### WHAT THE TASK ASKS
An exact transcription of all the data is required, with every image removed.

### DATA
Content starts
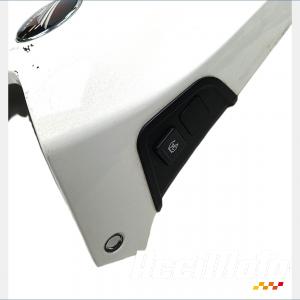 Flanc de carénage avant (gauche) HONDA VFR1200X CROSSTOURER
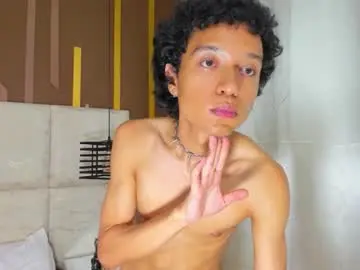 Chaturbate Free Live Porn of nobacortez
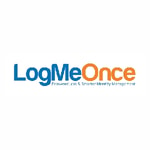 LogMeOnce coupon codes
Content ends
### YOUR SOLUTION
 Flanc de carénage avant (gauche) HONDA VFR1200X CROSSTOURER
 Chaturbate Free Live Porn of nobacortez
 LogMeOnce coupon codes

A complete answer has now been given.